Exercise prompt
Go to the line holding "Teen Titans Go! Tapestry" in the data below and repeat it exactly, then each line after it up to and including the one holding "Syria's foreign minister". Omit pictures.

Given entries

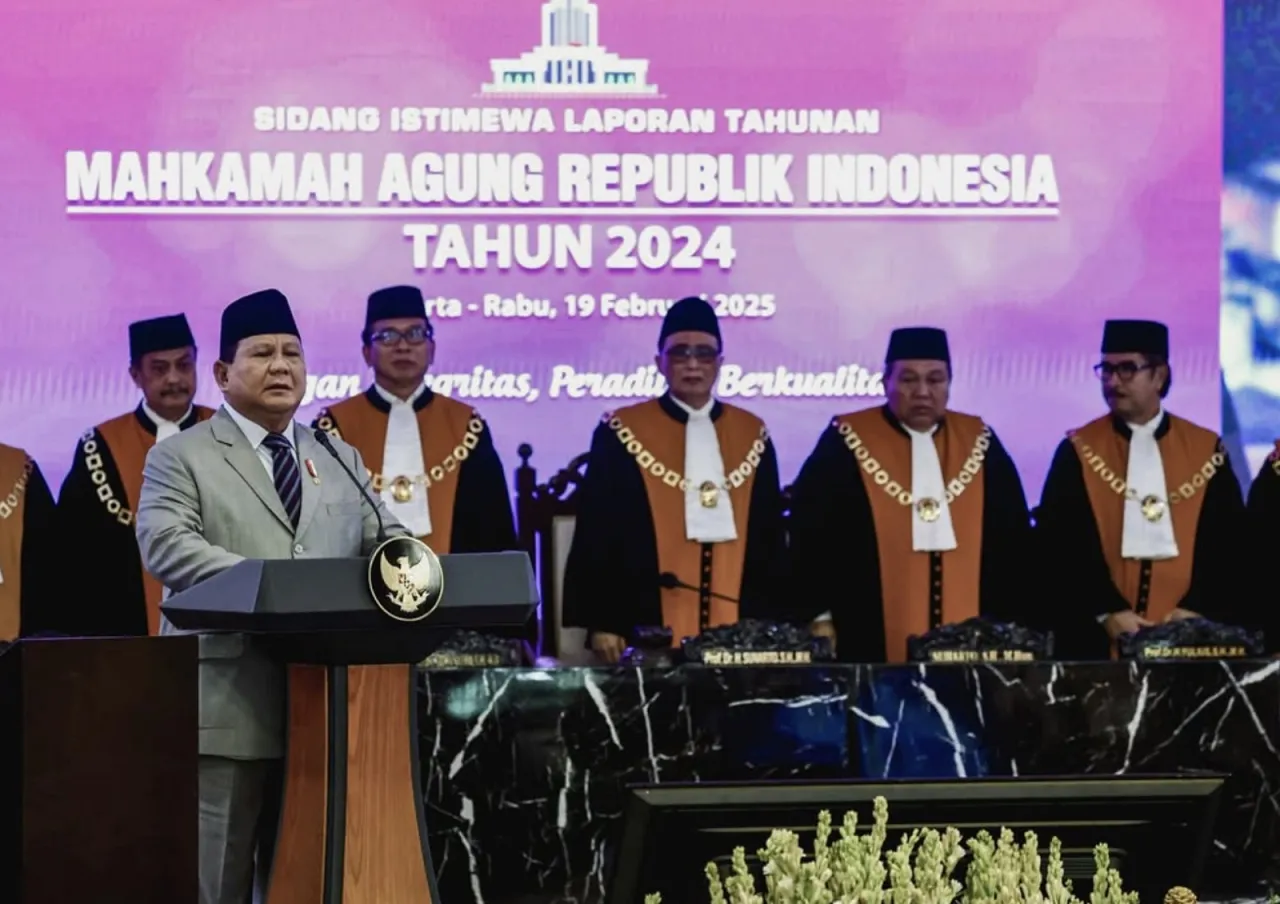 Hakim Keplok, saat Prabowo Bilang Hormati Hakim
==
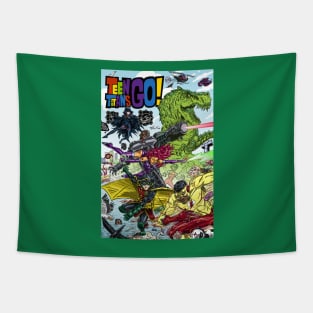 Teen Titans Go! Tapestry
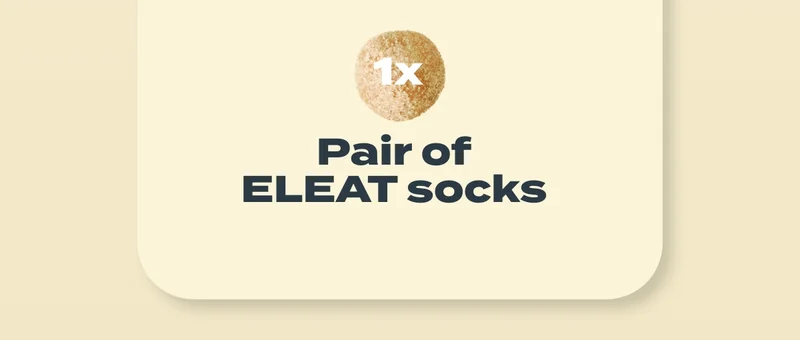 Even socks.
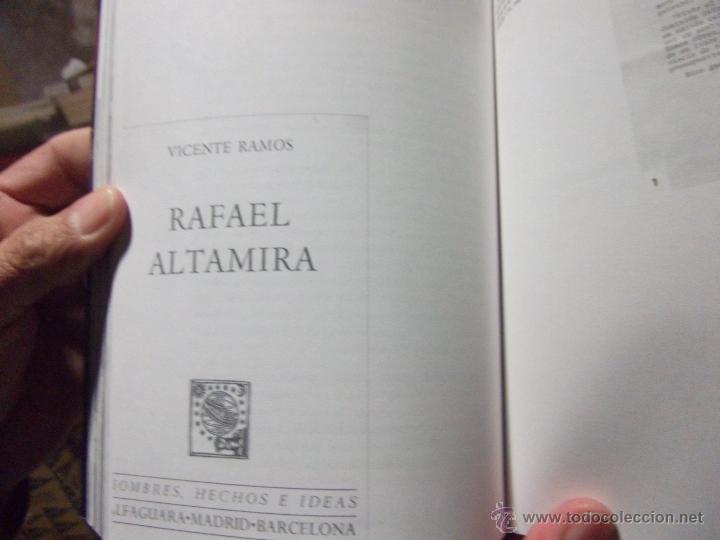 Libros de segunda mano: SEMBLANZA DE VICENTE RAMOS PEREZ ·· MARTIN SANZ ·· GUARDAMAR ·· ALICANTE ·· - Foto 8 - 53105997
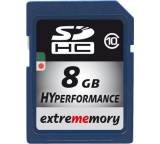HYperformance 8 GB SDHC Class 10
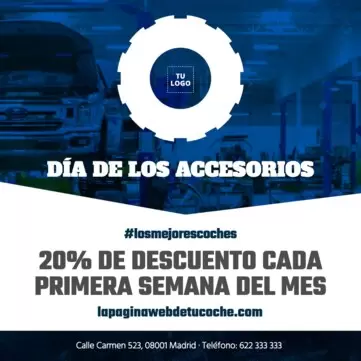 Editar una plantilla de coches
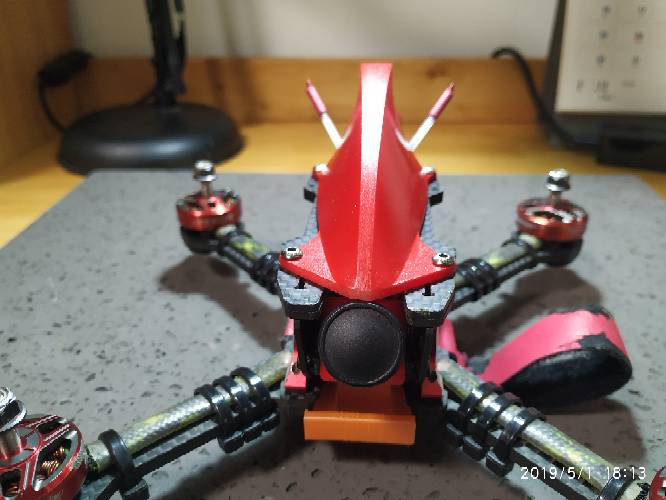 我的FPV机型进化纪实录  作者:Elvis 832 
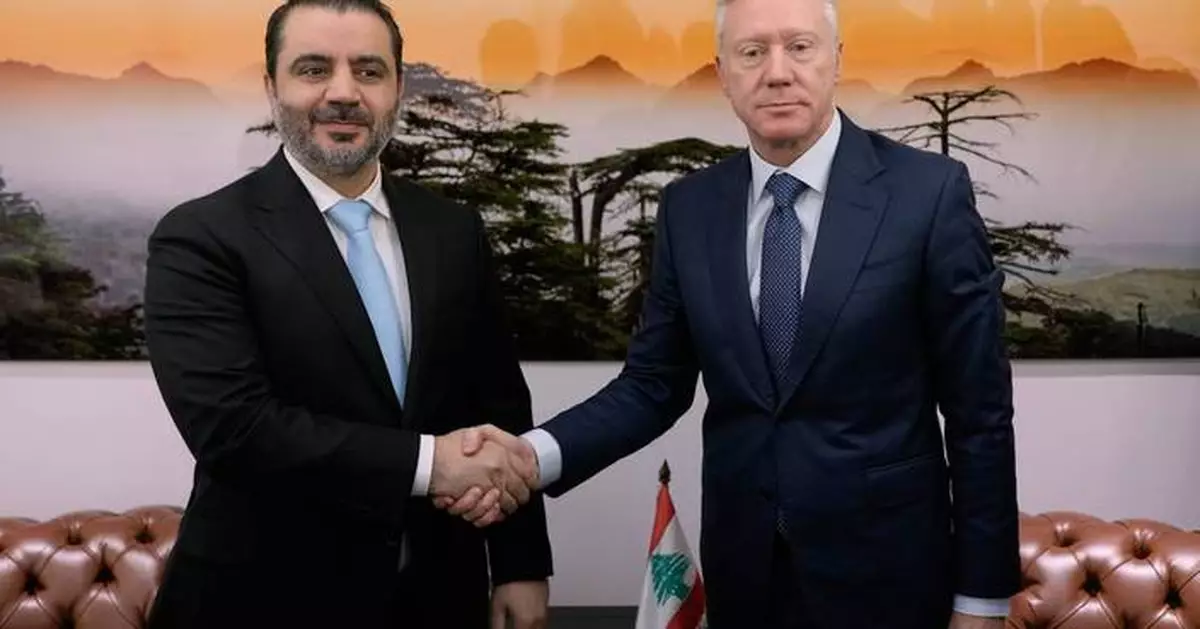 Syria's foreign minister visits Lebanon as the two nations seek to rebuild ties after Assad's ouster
* * *
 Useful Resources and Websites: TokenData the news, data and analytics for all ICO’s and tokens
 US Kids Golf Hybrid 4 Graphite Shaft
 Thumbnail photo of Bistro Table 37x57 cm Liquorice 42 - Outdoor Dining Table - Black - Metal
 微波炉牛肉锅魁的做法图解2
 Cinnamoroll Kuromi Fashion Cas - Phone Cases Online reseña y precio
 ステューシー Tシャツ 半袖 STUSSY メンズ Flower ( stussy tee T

Task solution
 Teen Titans Go! Tapestry
 Even socks.
 Libros de segunda mano: SEMBLANZA DE VICENTE RAMOS PEREZ ·· MARTIN SANZ ·· GUARDAMAR ·· ALICANTE ·· - Foto 8 - 53105997
HYperformance 8 GB SDHC Class 10
 Editar una plantilla de coches
 我的FPV机型进化纪实录  作者:Elvis 832 
 Syria's foreign minister visits Lebanon as the two nations seek to rebuild ties after Assad's ouster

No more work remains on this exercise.